The inverse of matrix N = \(\begin{vmatrix} 2 & 3 \\
1 & 4\end{vmatrix}\) is

Options

A) \(\frac{1}{5}\) \(\begin{vmatrix} 2 & 1 \\ 3 & 4\end{vmatrix}\)

B) \(\frac{1}{5}\) \(\begin{vmatrix} 4 & -3 \\ -1 & 2\end{vmatrix}\)

C) \(\frac{1}{5}\) \(\begin{vmatrix} 2 & -1 \\ -3 & 4\end{vmatrix}\)

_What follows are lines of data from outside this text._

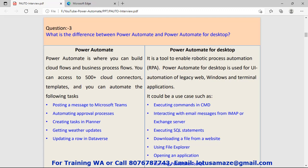But on the other hand, Power Automate for desktop can be used for legacy web systems—legacy means old systems. Power Automate for desktop is a tool which enables robotic process automation called RPA, and that can be used for executing commands in CMD, interacting with email messages from IMAP or Exchange server, executing SQL commands, downloading files from websites, using File Explorer, opening applications, and many more.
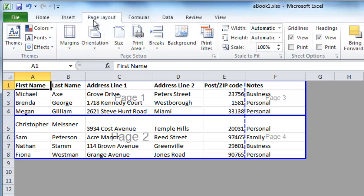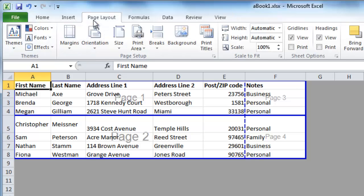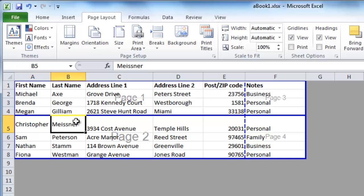Now click on the Page Layout tab, as this is where we can remove page breaks. First we need to select which break to remove. You can do this by selecting any cell directly below the break — in this case, any cell in row 5.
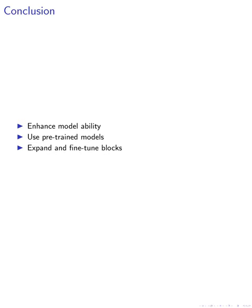In conclusion, our methodology aims to enhance the ability of large language models to specialize in the domain of code. By initializing with pre-trained models, fine-tuning all blocks, expanding the model's depth, and fine-tuning only the newly added blocks, we believe we can significantly improve the model's performance and adaptability.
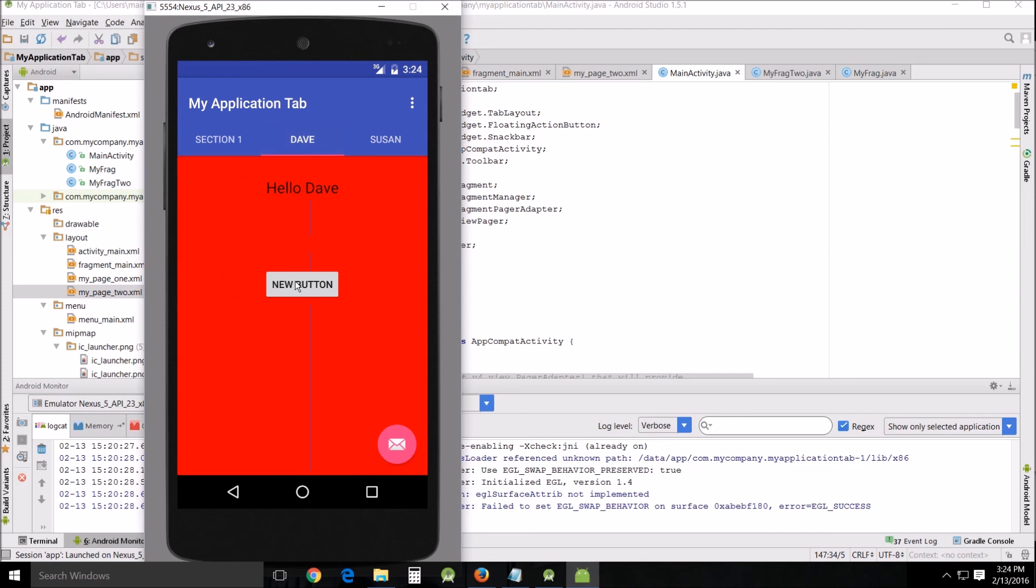Hello Dave. All right, this has been Hs John teaching another Android Studio tutorial. I'm glad you joined me, I hope you learned something. Please don't forget to subscribe and a thumbs up, and I'll see you around.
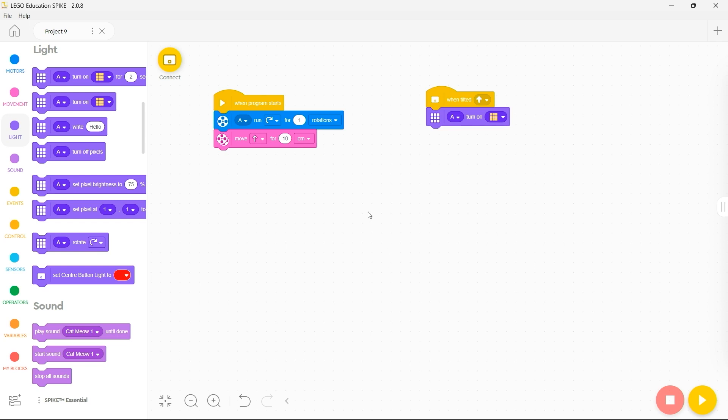Once you've built your program you will need to click on connect and connect your spike essential. This is covered in another video.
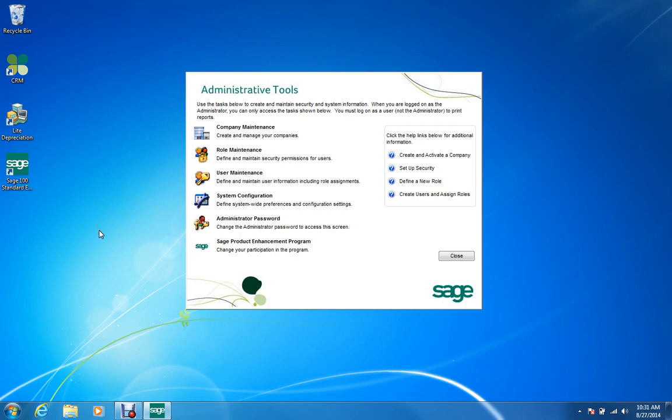I really don't have a problem with that, but this is a demo system, and it may skew what they see as a user.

D) \(\frac{1}{5}\) \(\begin{vmatrix} 4 & 3 \\ 1 & 2\end{vmatrix}\)

The correct answer is B.

Explanation:

N = [2 3]
N-1 = \(\frac{adj N}{|N|}\)
adj N = \(\begin{vmatrix} 4 & -3 \\ -1 & 2 \end{vmatrix}\)
|N| = (2 x4) - (1 x 3)
= 8 - 3
=5
N-1 = \(\frac {1}{5}\) \(\begin{vmatrix} 4 & -3 \\ -1 & 2 \end{vmatrix}\)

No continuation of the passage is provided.